Я снова ухмыльнулся.
– Этот начальник, – продолжил Ёсик, – сказал потом, что союз души и тела, небесного и земного, уродлив. И неестествен. Хотя даже в теле, даже запертая в нём, душа способна на многое. Она обращает его в орган своего осязания и помогает земному познать кое-что из того, на что оно не способно. Обретя же свободу от тела, душа возвращается в своё царство. Непостижимое на земле. И с земли незримое, как – Господь…
– А при чём это? – оборвал я Ёсика, но он не послушался:
– И этот начальник закончил речь призывом встретить смерть, как встречает её непорабощённая плотью душа. Радостно. Ибо того хочет Закон…
– При чём это всё? – повторил я с раздражением. – При чём эти евреи?
– Как «при чём»? – удивился и Ёсик. – Иисус, товарищ Сталин, тоже был еврей, а во-вторых…
– «Тоже» – как кто? – остановил его я.
– Как те, в Масаде.
– А при чём, говорю, вся эта Масада?
– Я как раз начал говорить… Я сказал «во-вторых», но вы прервали… А во-вторых, Иисус был одним из тех, кто защищал Масаду и совершил самоубийство…
– Так значит, этот начальник в Масаде и был Иисус?
– Нет, того звали Элеазар…
– Неужели Иисус и там не стал начальником? – удивился я и посмотрел Ёсику в глаза.
Они были печальней, чем когда я пожал ему руку при знакомстве. Прошло какое-то время. Паузу в этот раз прервал я:
– Майор! Вы сказали «прошло какое-то время». После падения Иерусалима и до падения Масады. До краха надежды. Когда «Новый Иерусалим» перекочевал на небо… Сколько же именно прошло времени? Сколько ещё Учитель прожил после Иерусалима?
– Четыре года. Масада пала в 74-м году…
– Ещё четыре года? – повторил я.
– Ещё четыре года, – кивнул Ёсик.
– Четыре года – небольшой срок, – рассудил я после новой паузы. – Сегодня у нас, если забыть о глупостях, идёт 1949-й. Через четыре года… будет 1953-й… Малый срок…

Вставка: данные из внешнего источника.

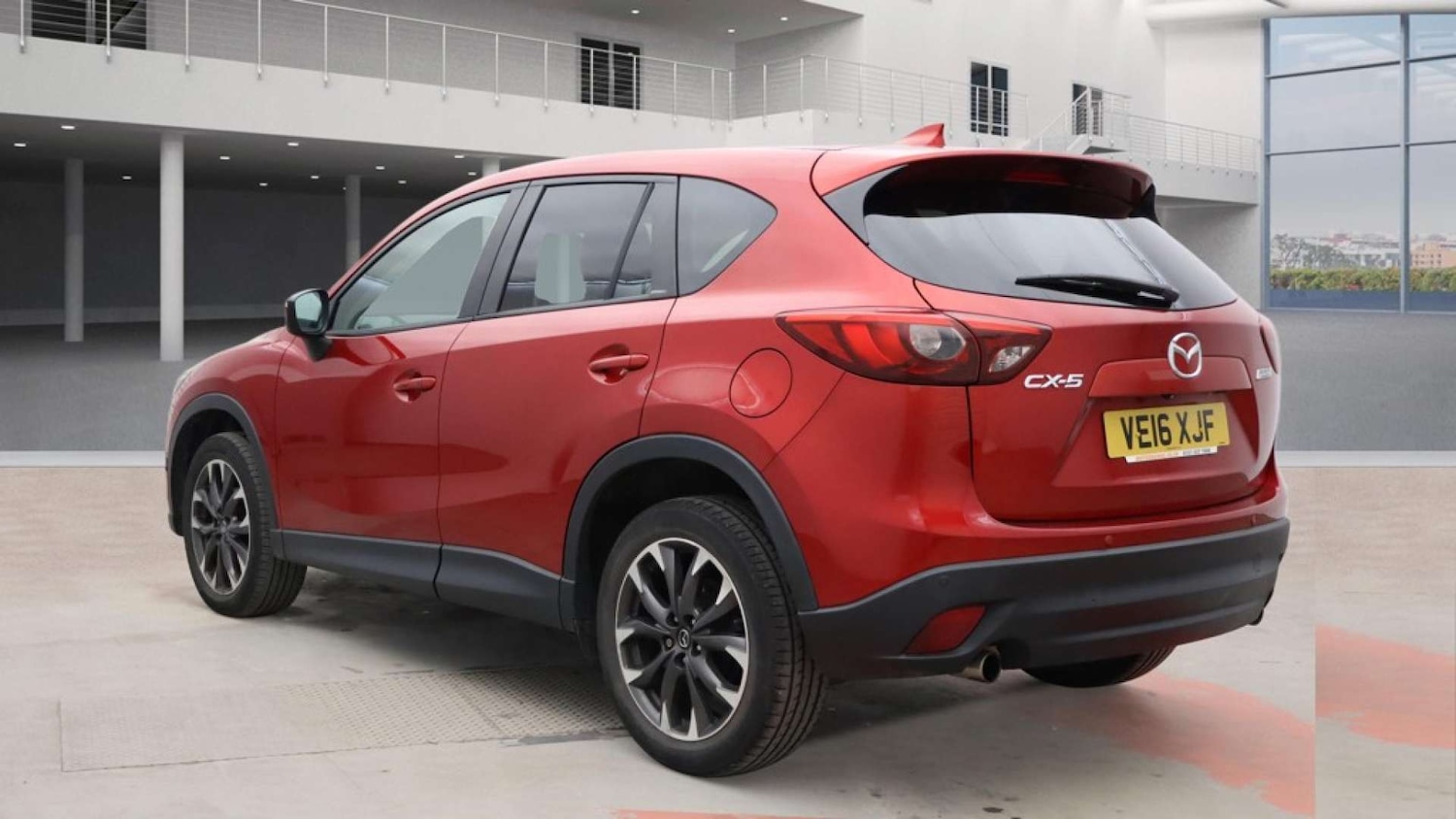 Used Mazda CX-5 2016 for sale - 77129091: Photo 9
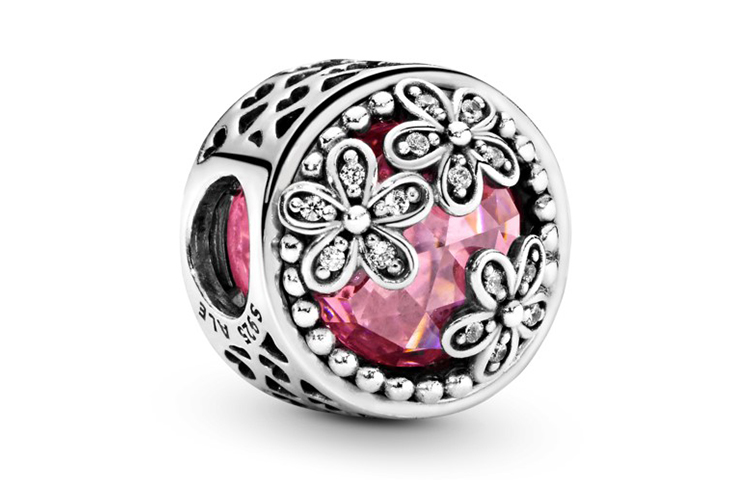 Pandora Jewelry Accessories Women's Silver, Pink
Pandora Jewelry Accessories Women's Silver, Pink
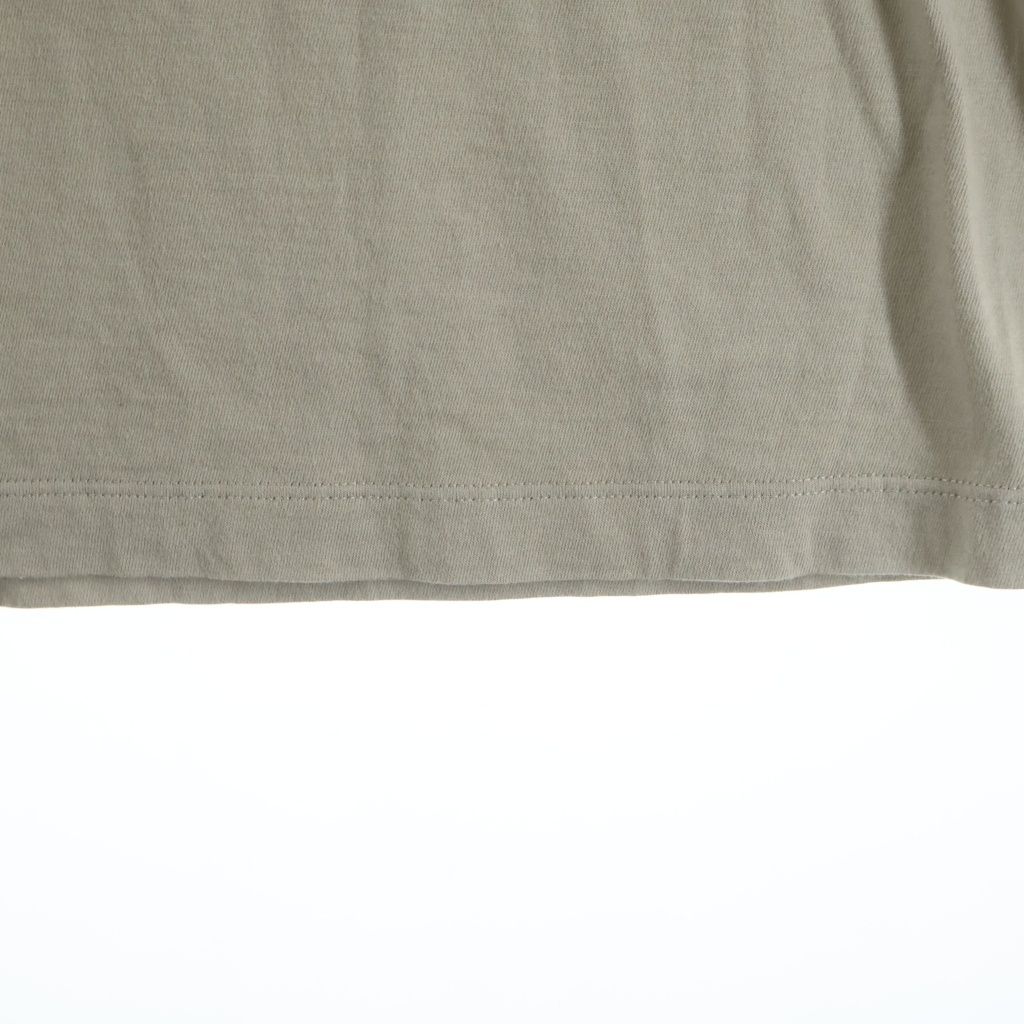 Moncler Rick Owens SS Level T-Shirt Khaki — view 5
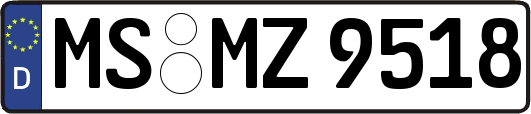 MS-MZ9518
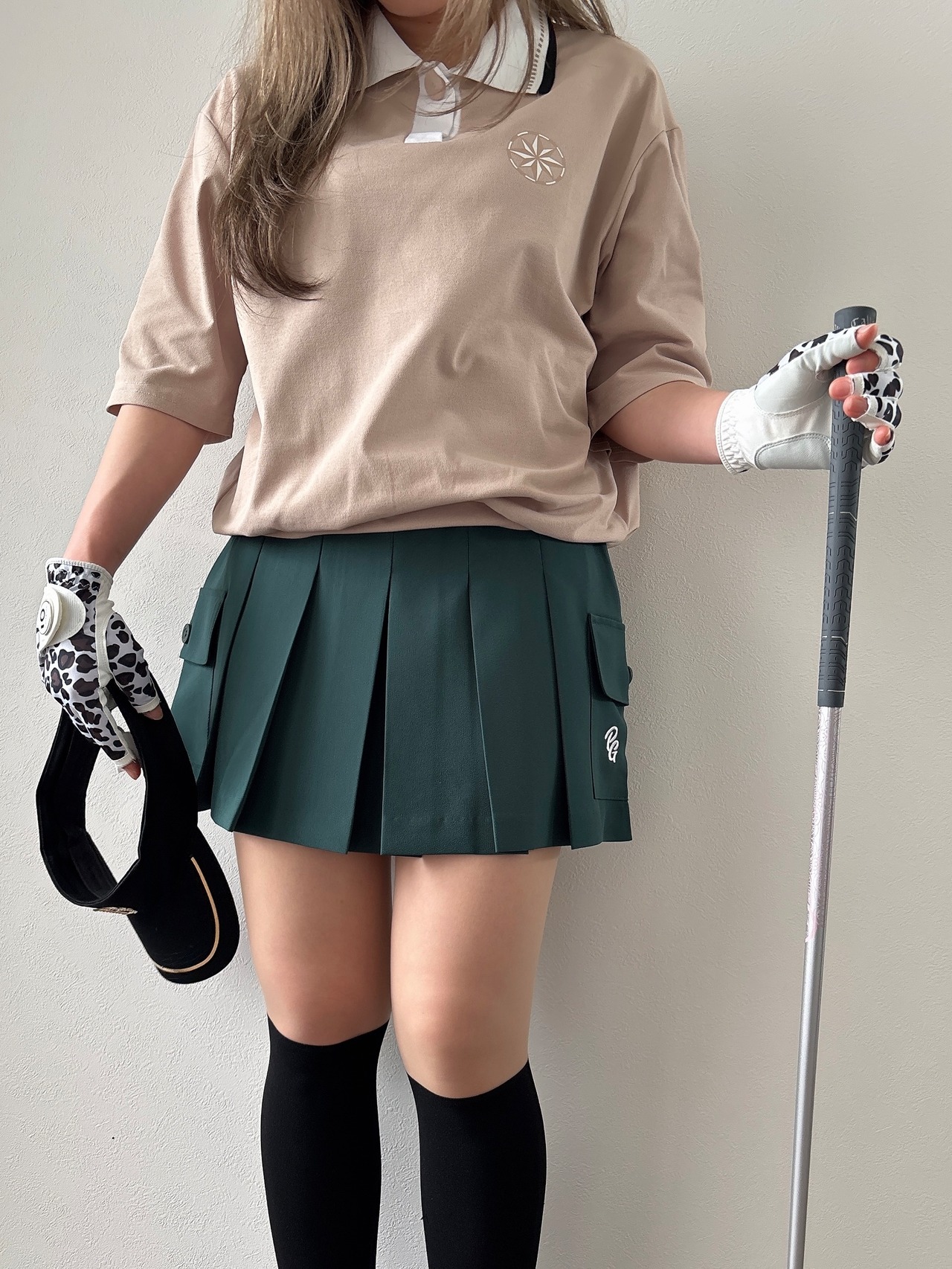 トラッドオーバーポロ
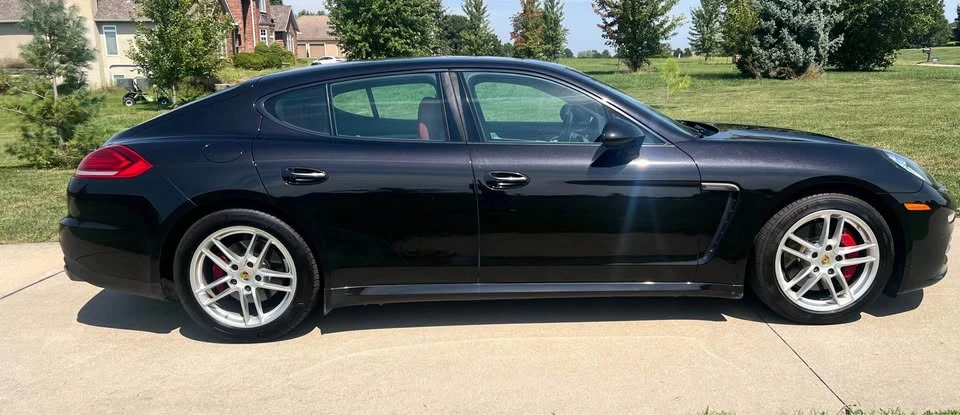 2014 Porsche 970 Panamera - Image 3 of 13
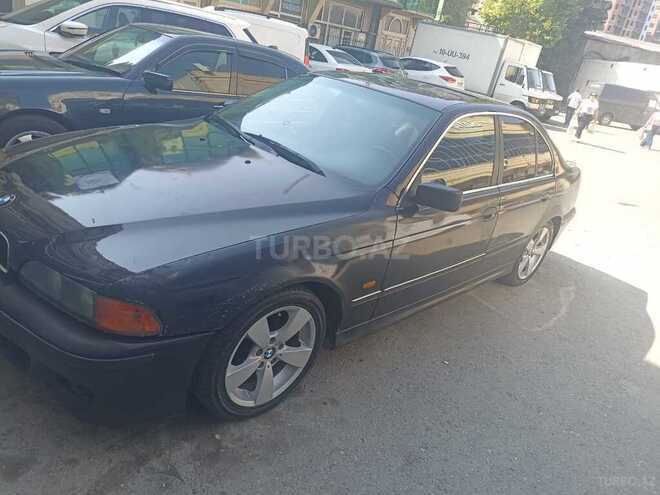 BMW 520 1997, 500,000 km - 2.0 л - Bakı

Ёсик смотрел не на меня. На свою правую кисть. Которую – заметив мой взгляд – тотчас же укрыл в левой.
Я решил отпустить майора и поднялся с места. Поднялся и он.
– Ар брундеба! (Не возвращается!) – сказал я о Лаврентии.
– Диах, ар брундеба! (Так точно, не возвращается!)
– Шен дабрунди машин. (Возвращайся тогда сам.)
Он кивнул и направился к двери.
– Иосеб! (Иосиф!) – придержал я его.
– Иосеб? (Иосиф?) – обрадовался он.
– Гцхениа? Гинда – Иосе дагидзахо? (Что, оскорбился? Хочешь – буду звать Иисусом?)
– Ёсика дамидзахет! (Зовите Ёсиком!)
– А Лаврентий знает об этом?
– Об Армагеддоне? – спросил он.
– И об Армагеддоне, и о Масаде. О том, что между ними прошло лишь четыре года.
– Не думаю! – и вышел.
Я забрал Библию со столика, шагнул к полке, вернул книгу на место, перед Булгаковым, и вскинул глаза на Надю.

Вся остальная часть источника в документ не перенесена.